DIRECTIONS
Everything in the records below from the line containing "Laser cutting machine" through the line containing "Tower Isle 牙买加" is to be reproduced exactly, those two lines included; no picture is to be copied.

DATA FOR THIS EXERCISE
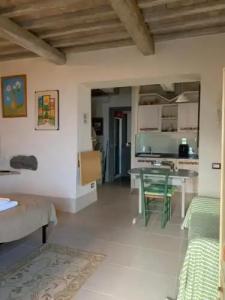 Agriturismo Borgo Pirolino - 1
==
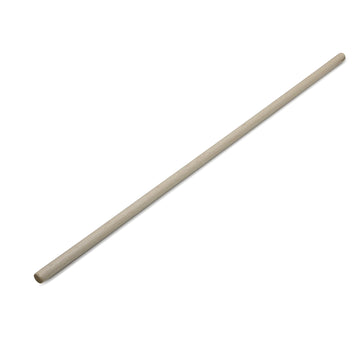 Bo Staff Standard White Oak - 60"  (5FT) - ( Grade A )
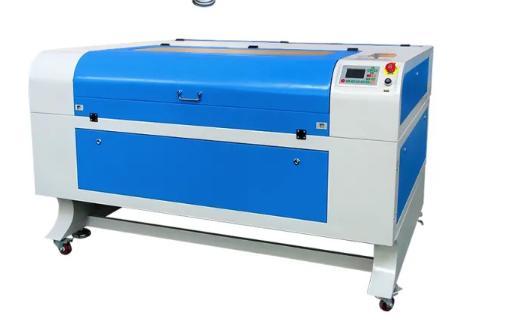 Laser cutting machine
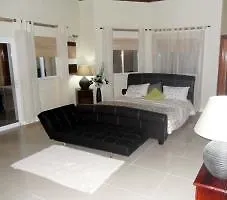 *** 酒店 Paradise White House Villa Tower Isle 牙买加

EXERCISE OUTPUT
 Laser cutting machine
 *** 酒店 Paradise White House Villa Tower Isle 牙买加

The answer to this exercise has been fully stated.